WAIT UNTIL DARKWritten by Frederick Knott
Garland Civic Theatre
Director - Stacy Upton Bracey
Stage Manager - Steven Bracey
Scene Design - Stacy Upton Bracey
Costume Design - Kera Sims
Fight Director - Dave Westbrook
Lighting & Sound Design - Hank Baldree
Mike Talman - Jonathan Luce
Sgt. Carlino - Adam Anthony Vigil
Harry Roat - Brian Hokanson
Susy Hendrix - Alexzandria Smith
Sam Hendrix - Chima Collin Akanno
Gloria - Bella Brown
Police Officers - Bethany Brown, Conner Stewart
The action takes place in a basement apartment on New York’s Lower East Side, 1963
Reviewed Performance: 5/1/2022
Reviewed by Mildred Austin, Associate Critic for John Garcia's THE COLUMN
The play is an exercise in juxtaposition. Susy is blind and is targeted by three men as they believe she has a doll containing heroin that belongs to them. In the beginning, her blindness is an asset for the crooks as they wander unseen all around her, but as we see later, her disability becomes her “ace in the hole “ when she turns the table on them by plunging her apartment in darkness, putting her at the advantage. She is dogged and determined but the men see her only as a weak woman who couldn’t possibly thwart their intended plans.

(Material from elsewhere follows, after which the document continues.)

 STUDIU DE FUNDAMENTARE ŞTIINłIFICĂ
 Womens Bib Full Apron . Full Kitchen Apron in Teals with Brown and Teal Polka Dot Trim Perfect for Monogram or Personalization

WAIT UNTIL DARK is produced over and over by theatres across the country as well as revivals staged in New York. I’m sure it is challenging to stage, but also fun for the actors. Garland Civic Theatre’s production is sure to entertain and sure to give a thrill as well. The director, Stacy Upton Bracey, has designed an easily believable New York basement apartment, though the bright blue cabinets threw me a bit. The “in” colors for 1966 were gold and olive green. Perhaps we were to accept that, after all, Suzy couldn’t see what garish colors they were, and like many husbands, hers didn’t care. The two levels of the set were quite useful in the staging and the characters oversaw the stairs like pros.
The two con men who are in on the search for heroin are played by Jonathan Luce and Adam Anthony Vigil. Both do a good job with their characters and play them totally different as they should be. Brian Hokanson brings the third “bad guy” to us and completes the trio of thugs, though he plays the “mean, really mean” guy to the other two’s slightly softer crook status. The cruelty and meanness of Roat’s character never totally come to fruition, possibly hampered by the fact Mr. Hakanson really doesn’t look the part and his speech and manner never fully overcome that. One stage problem that dogs these three men is enunciation. In the first scene, I understood only a little of what they said. In fact, I had to consult a synopsis of the play I found online, to attempt to decipher what happened in that scene that is so important in setting the stage for what is to come. Look to the consonants in your dialogue, gentlemen! Consonants define words. They cannot be thrown away or you won’t be clearly understood.
I would also suggest to not just these three but to all the actors that when you enter the stage you should enter exuding the explicit intention of what you hope to accomplish on the stage once you are there. There were too many entrances throughout the show where the actor failed to establish that first for their character and thus the audience. Never just “enter stage right” and that’s it.
Mr. Akanno, you were part of a “twofer” as I understand. It was a good thing as you and Ms. Smith played off each other with a comfortable intimacy. You did fall into the same as the other gentlemen, however, losing most of the consonants in your lines.
Ms. Smith, you were an absolute delight, as Susy should be. You have a very expressive face and emotions played there easily. Your work to play a sightless character was challenging but you pulled it off. Unlike the guys, you had no problem being understood. Thank you for your enunciation and for finding the consonants in your lines!
Bella Brown, you were full of yourself and brought the impish, sometimes brattish, sometimes annoying character of Gloria to life. Good job! And our police were suitably late to the game as they never seem to be as “Johnny on the spot” in plays as the calvary is in old Westerns. My hat is off to the generous actors who take on characters who only briefly appear but are necessary to the action. We couldn’t do without you!
An enjoyable evening of theatre that we as audience members can finally enjoy as in the old days! Garland Civic you had a good crowd and I hope you continue down that road!